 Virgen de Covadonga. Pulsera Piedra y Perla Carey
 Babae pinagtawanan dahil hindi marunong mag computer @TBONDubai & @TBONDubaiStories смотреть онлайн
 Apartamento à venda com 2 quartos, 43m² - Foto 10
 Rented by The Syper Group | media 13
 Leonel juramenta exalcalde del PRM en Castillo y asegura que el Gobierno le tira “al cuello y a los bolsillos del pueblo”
####
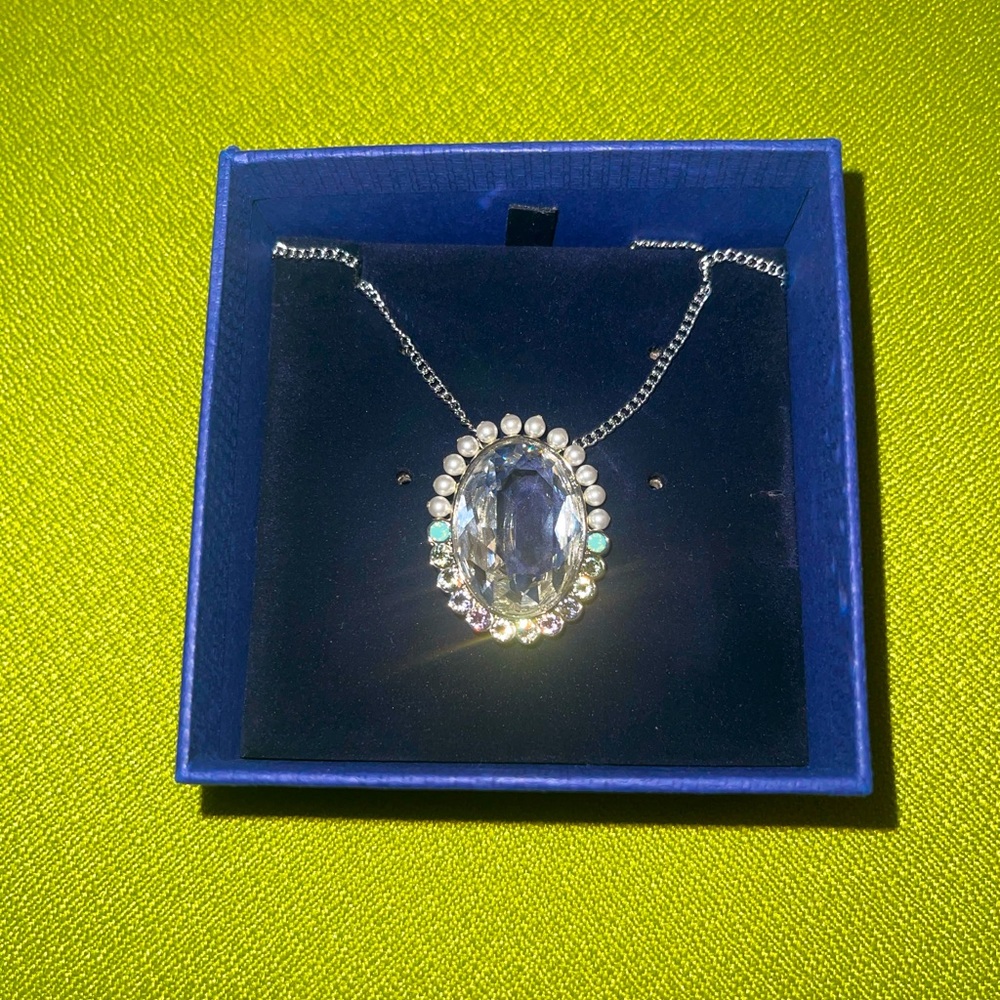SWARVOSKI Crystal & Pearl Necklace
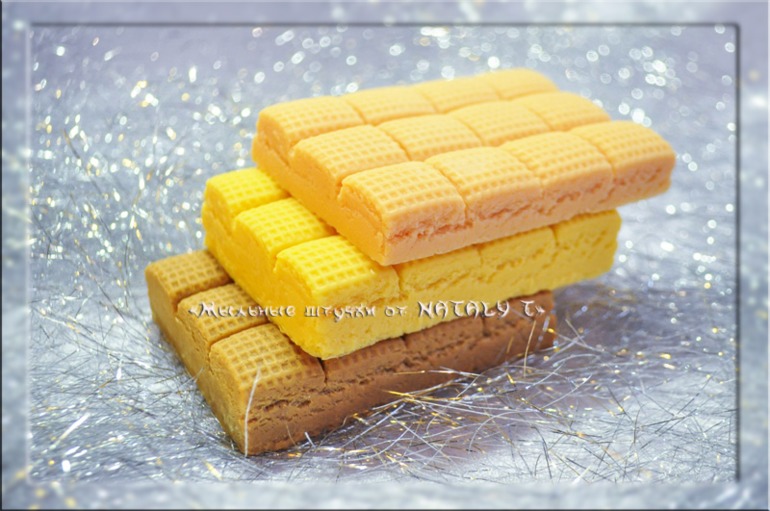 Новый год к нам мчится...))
####
- Exercise description:
The stretch above running from the line with "SWARVOSKI Crystal & Pearl Necklace" through the line with "Новый год к нам мчится...))" is all you should copy, exactly, leaving out the pictures.

- Written response:
SWARVOSKI Crystal & Pearl Necklace
 Новый год к нам мчится...))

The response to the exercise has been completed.